If you take a private tour in Tenerife with Tenerife Host, you can observe that South American influence in different parts of the island. And that’s the reason why we decided to highlight a bit the history of the people moving between the Canary Islands and South America.

The conquest and colonization of the Canary Islands run more or less parallel to the discovery of America. The discovery and colonization of the Antilles by Columbus turned the Canary Islands into a privileged setting, in a kind of an experimental laboratory. Asian plants like sugarcane and banana trees were delivered from the Canary Islands to the West Indies. Canarian technicians worked in the first mill of the New Continent in Santo Domingo. The African yam brought from the Canary Islands will penetrate very soon in the Caribbean area. The same will happen with the pig, the goat, the dog, and the sheep, which, led from the Canary Islands, will spread throughout the Antilles. The Canaries were, therefore, an intermediary in the diffusion of plants and animals on both sides of the ocean. The potato will acclimatize quickly and are known from very soon exports towards Europe. As early as 1567 the potatoes already sent to Flanders. That situation will transform the island’s agriculture, becoming the food par excellence of the lower classes of society and the basis of their energy source and health. By its position and the action of the trade winds the Canary Islands became the forced passage for the Indies.

Christopher Columbus
Christopher Columbus

Canary Islands participated in the conquest of South America as expert guides. Between 1492 and 1506 at least 12 of the largest expeditions made the stops in Tenerife and La Gomera islands. Among them are the greatest names of the conquest, such as Columbus, Ojeda, Vespuccio, Pedrarias, La Cosa, Yáñez and Ovando. Canary had the privilege of trading with the West Indies since the beginning of the colonization of the New World. A Royal Order of 1511 simply specifies that Canarians can leave Canary Islands only with the authorization of the captain of the vessel, without any other kind of permits.

Boat with Canarian emigrants arriving to Venezuela.
Boat with Canarian emigrants arriving to Venezuela.

In this way, Canary Islands and its residents become an integral part of expeditions of conquest and colonization, such as Pedro de Mendoza who founded Buenos Aires in 1535 or Pedro Fernandez de Lugo who with his conquest of Santa Marta in Colombia and many others. However we can not speak of Canarian emigration strictly, but it was a basis for the movement of Canarians to the New World without the strict controls of the Spanish Monopoly of Sevilla. In the sixteenth century Santo Domingo was first and Havana later were the main destinations of emigration from Canary Islands. A migratory movement of merchants and farmers slowly developed.

From the year 1670 emigration from Canary Islands and especially Tenerife and La Gomera islands presents a massive familiar character.

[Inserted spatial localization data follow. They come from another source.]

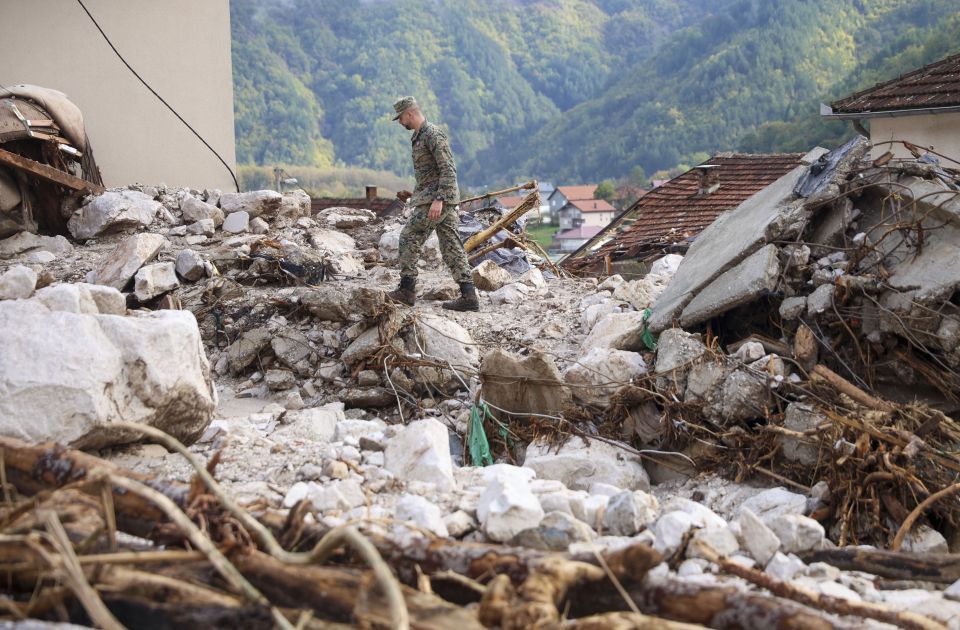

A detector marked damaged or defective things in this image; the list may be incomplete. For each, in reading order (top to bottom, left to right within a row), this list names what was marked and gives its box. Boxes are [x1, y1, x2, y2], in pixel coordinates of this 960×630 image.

damaged roof [824, 51, 960, 116]
broken concrete slab [66, 189, 162, 241]
broken concrete slab [87, 233, 168, 290]
damaged roof [568, 154, 808, 274]
broken concrete slab [680, 243, 784, 328]
broken concrete slab [648, 148, 828, 336]
broken concrete slab [480, 348, 568, 422]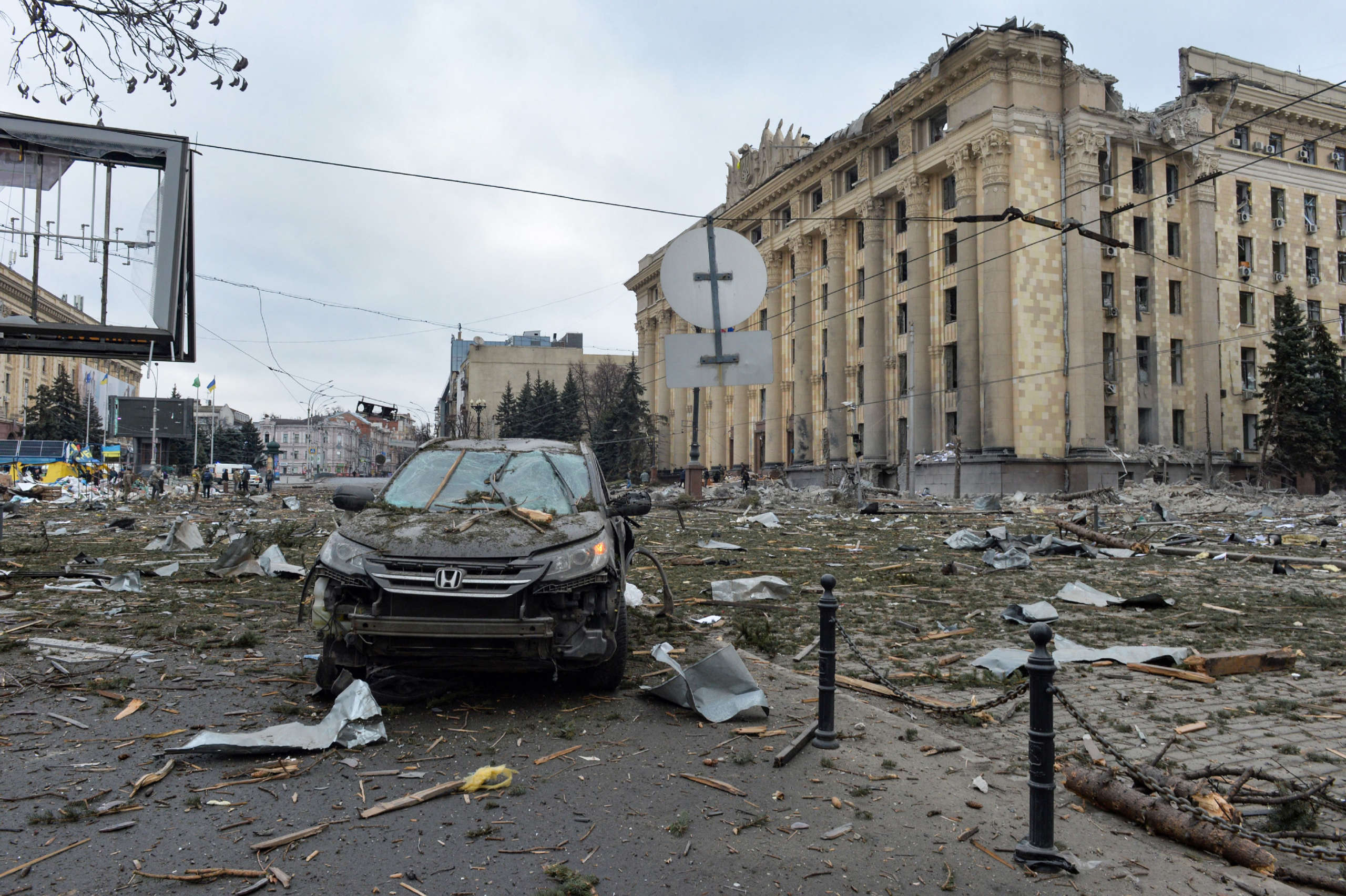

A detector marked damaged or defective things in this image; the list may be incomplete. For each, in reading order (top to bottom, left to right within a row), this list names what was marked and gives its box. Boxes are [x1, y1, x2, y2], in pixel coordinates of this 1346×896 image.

smashed windshield [379, 452, 589, 515]
damaged honda cr-v [311, 440, 656, 694]
torn metal sheet [694, 538, 749, 551]
torn metal sheet [946, 528, 1001, 551]
torn metal sheet [976, 543, 1031, 572]
torn metal sheet [100, 572, 143, 593]
torn metal sheet [711, 572, 795, 602]
torn metal sheet [1001, 602, 1060, 623]
torn metal sheet [28, 635, 151, 665]
torn metal sheet [639, 639, 766, 724]
torn metal sheet [167, 677, 387, 757]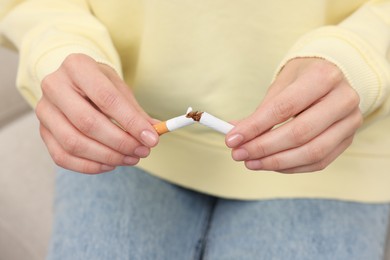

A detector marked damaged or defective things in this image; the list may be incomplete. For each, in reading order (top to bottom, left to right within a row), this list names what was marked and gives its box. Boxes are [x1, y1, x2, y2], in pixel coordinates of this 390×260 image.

broken cigarette [152, 107, 195, 136]
broken cigarette [187, 110, 233, 134]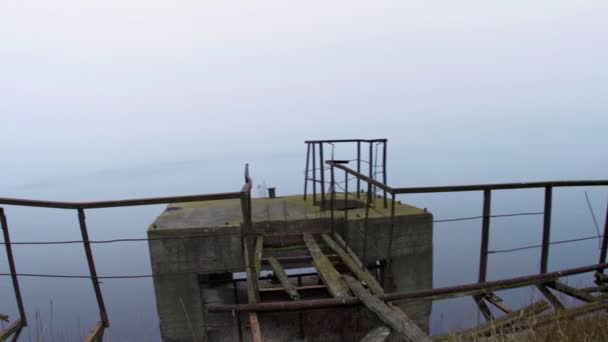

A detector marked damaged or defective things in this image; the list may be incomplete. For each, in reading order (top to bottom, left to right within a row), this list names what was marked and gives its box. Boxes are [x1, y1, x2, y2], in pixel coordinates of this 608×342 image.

rusted metal frame [0, 191, 242, 210]
rusted metal frame [328, 161, 394, 194]
rusted metal frame [0, 320, 24, 340]
rusty steel bar [0, 208, 26, 326]
rusted metal frame [0, 207, 27, 328]
rusty steel bar [77, 208, 109, 326]
rusted metal frame [78, 207, 110, 328]
rusted metal frame [83, 320, 105, 342]
rusty metal railing [0, 164, 252, 340]
broken wooden board [268, 255, 302, 300]
broken wooden board [302, 234, 350, 298]
broken wooden board [320, 234, 382, 296]
broken wooden board [344, 276, 430, 342]
rusted metal frame [207, 262, 608, 312]
rusty steel bar [207, 262, 608, 312]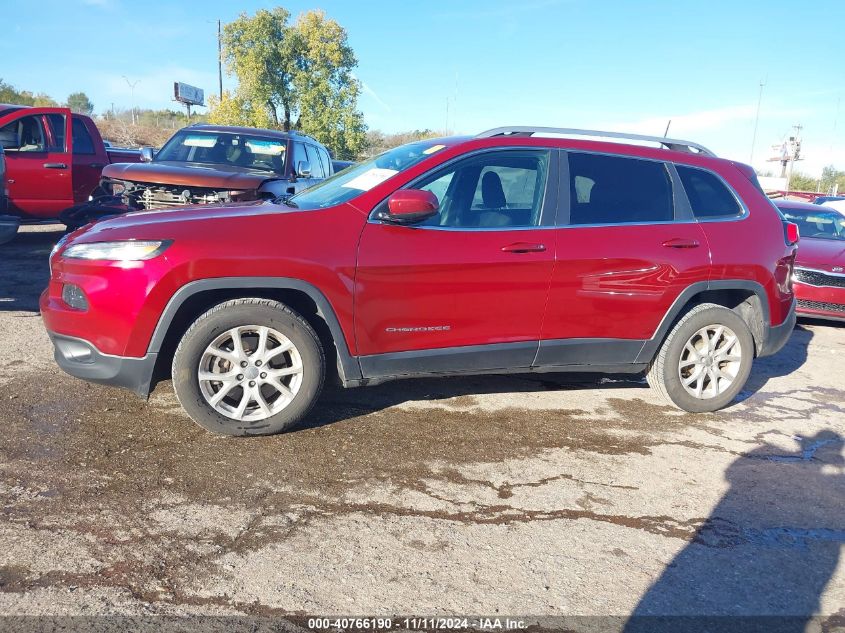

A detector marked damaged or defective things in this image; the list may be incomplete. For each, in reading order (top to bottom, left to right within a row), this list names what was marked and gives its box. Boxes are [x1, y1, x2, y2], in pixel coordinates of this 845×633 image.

damaged red vehicle [62, 122, 334, 228]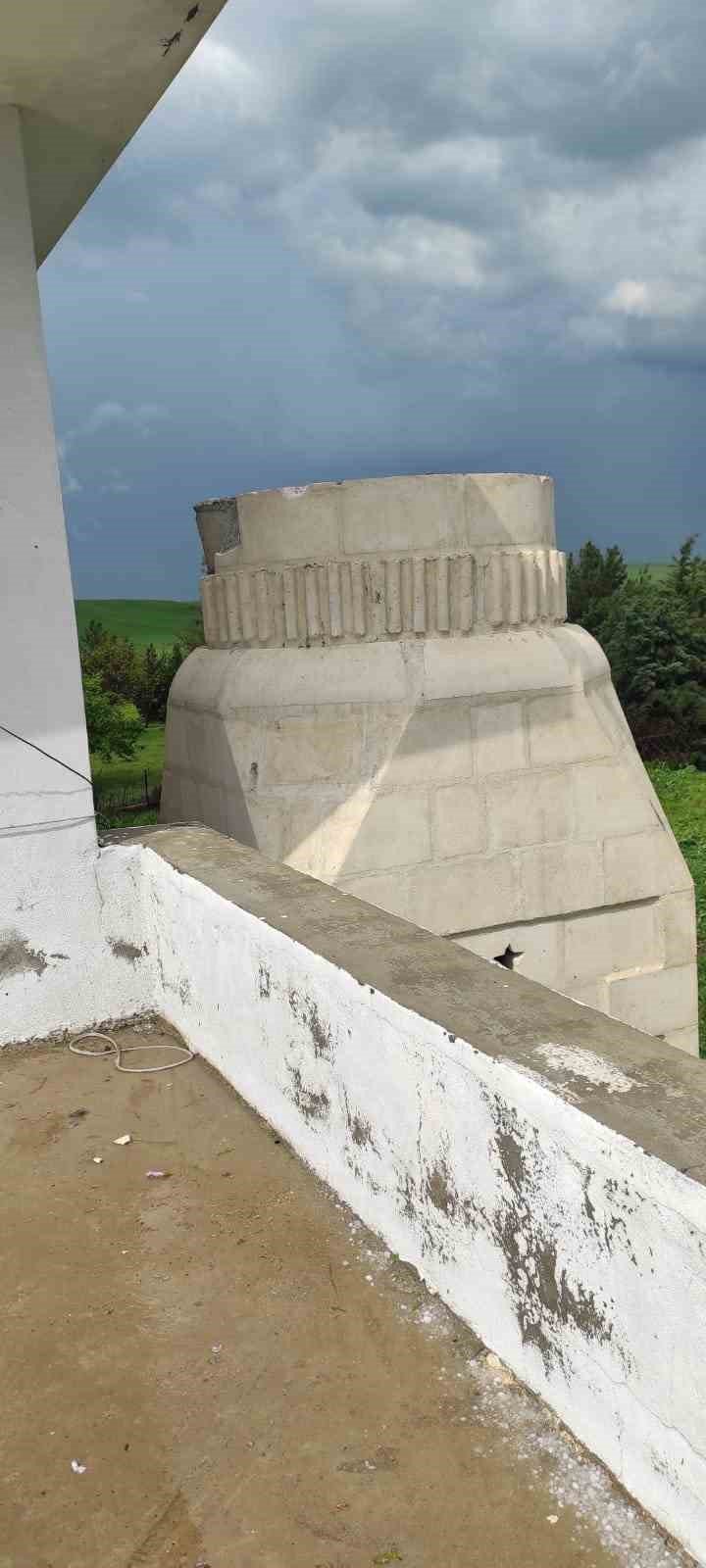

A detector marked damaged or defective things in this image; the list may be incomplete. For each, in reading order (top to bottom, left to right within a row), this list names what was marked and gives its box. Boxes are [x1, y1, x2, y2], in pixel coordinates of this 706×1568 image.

broken minaret base [162, 466, 696, 1054]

After a century and a half of growth there were symptoms of crisis. The lack of export of the white canary table wine, after the emancipation of Portugal in 1640, whose colonies were their preferred market, drags many Canarian families, particularly from Tenerife to Venezuela and Cuba. There was a kind of overpopulation in Canary Islands, so the Canary elite, accused of basing its privileged regime of trade with America in the smuggling of European products, begins to talk about bringing Canarian families to the empty territories of the Caribbean to avoid the loss of such trade. The occupation of Jamaica by England, the occupation of West of Santo Domingo by France, and that of the Guianas led the Crown to consider this alternative to avoid the occupation of part of Venezuela or the Greater Antilles. The Royal Decree of 1678 was agreed upon with the Crown, by which 50 families were to be transferred to such places by the shipping companies for every thousand tons of commerce in exchange for not paying the damage tax. However the goal was to obtain a privileged company that will never come. Until the Regulation of the Canary-American trade of 1718 the Crown does not assume the real costs of that transfer and foundation of new towns. That is why the promoters of such initiatives have been generally rich private Canarians in exchange for privileges, although a majority of the emigrants to Cuba and Venezuela have been doing so on their own account.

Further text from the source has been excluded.